McLaughlin was peculiarly excited when the underground bus tunnels in downtown Seattle were opened. With or without a captive audience, he saw the tunnels an opportunity to transform his bus into a roller coaster. He drove through them at break neck speeds like a bat out of hell. And as he drove willy-nilly, with a huge wad of Bazooka bubble gum in his mouth, he’d blow the biggest bubble he could, open the driver side window, his long hair lashing around wildly, aim with careful precision for a specific direction sign, and spit the gum at it as hard as he could. His disgusting display of art was still there the last time I passed through.

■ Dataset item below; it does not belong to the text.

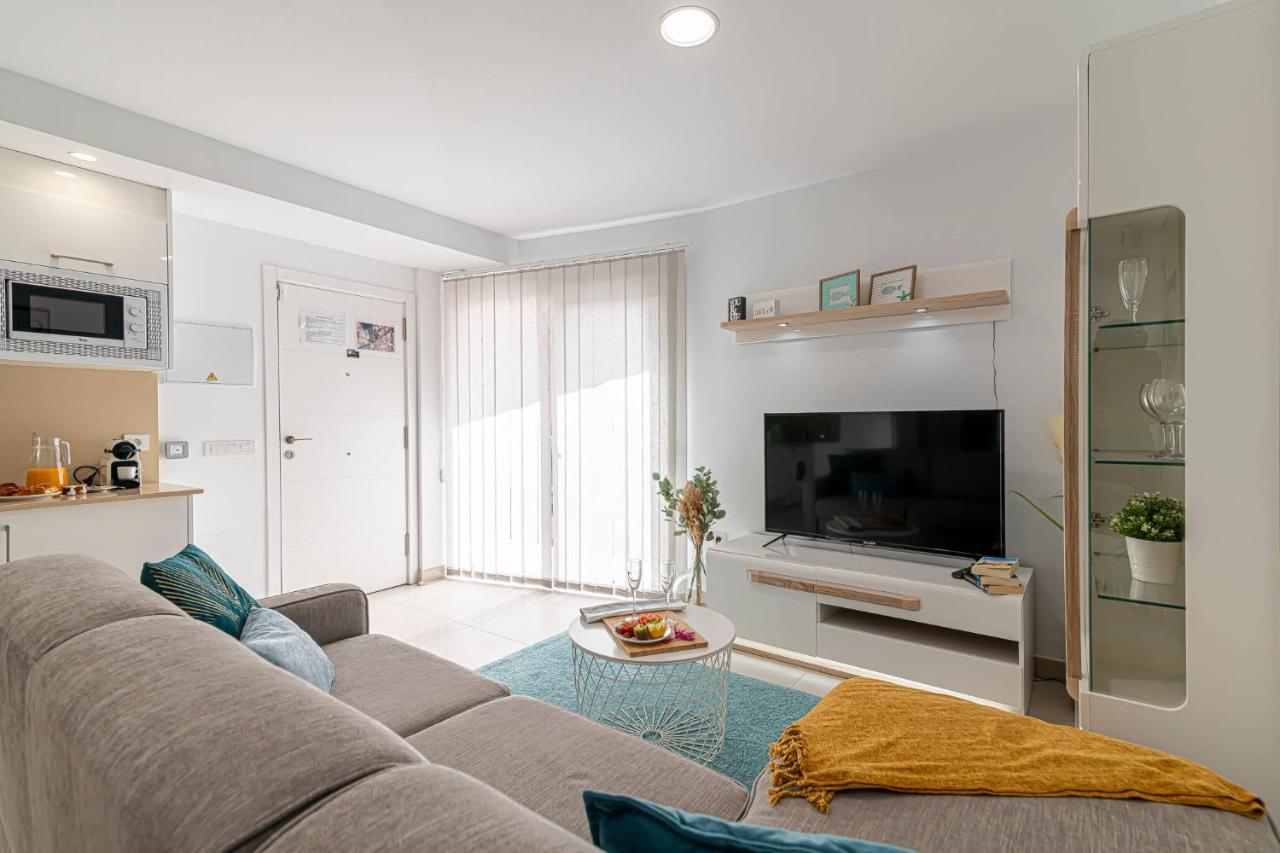 Brisa C, Apartamento En El Medano المظهر الخارجي الصورة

I empathized with the person who had to clean up after his obscenely gross masterpiece. Whenever I happened to be along for the ride, if there were passengers that were witness to his insane behavior, I would avoid eye contact with them and keep my eyes averted until they finally left the bus. You can just imagine what they thought. And you can bet— more often than not— his antics would end up on complaint forms that awaited his next return to the bus base, sometimes on a weekly basis. But with little more than a slap on the hand, they didn’t go much further than that. And for awhile afterwards he would let up a little with his pranks, but it wasn’t long before he was back in full swing with more entertaining— or irritating, depending on how one saw it—antics to entertain the public. He was just that way. If he knew something about him bothered you, either in the way he dressed, spoke, or behaved, he would continue doing whatever it was just to irritate you even further.

McLaughlin had a serious side as well, especially when collecting the bus fare. It was a simple matter when driving into town as the fare was collected upon boarding. If the passenger didn’t have the funds, they didn’t ride. But it was quite another matter altogether when collecting the fair leaving town, as it was collected upon disembarking. Nothing irritated him more than a wisecracking passenger who thought they could get away without paying for passage. McLaughlin would simply close the doors of the bus and calmly continue driving, all the while chewing and loudly smacking on a large piece of bazooka bubble gum, blowing and popping large bubbles, apathetic to the obscenities hurled in his face, until the passenger coughed up their fare, sometimes taking them several miles from their intended destination, whether they paid in full or not. His legend preceded him; so much so that potentially unruly passengers would rather miss McLaughlin’s bus than risk parting with their coveted few cents or ending up in some unfamiliar part of town.

*    *    *    *

Somebody yelled, “Oh my God! Were going off…” Passengers braced themselves for the impact, certain they were going to die. Mark’s airborne bus fell as if in slow motion some forty feet to the ground. The sleepy little neighborhood with twentieth century homes was changed forever by what happened next. The front end of the bus smashed onto the entry level of a two-story apartment complex. Sliding down the side of the tenement, the bus tore through evergreen trees and ripped off porches and stairways on its way down. Mark, not buckled into his seat, was ejected headfirst through the windshield and onto the roof of the building. Like the sound of five garbage trucks hitting the ground at the same time, the 40,000 pound bus landed hard on the front lawn of the dwelling. Mostly in one piece, it wrapped itself around a tree in a V shape before coming to rest practically in the lap of Mark’s beloved Fremont Troll. Big chunks of concrete followed its decent, showering everything and anyone below with a swirl of glass, metal, and blood. People were screaming, seats were breaking, and 75 gallons of diesel fuel was spilling everywhere from a ruptured fuel tank. The exact location was fateful. Five seconds later it would have plunged more than one hundred feet into Lake Union.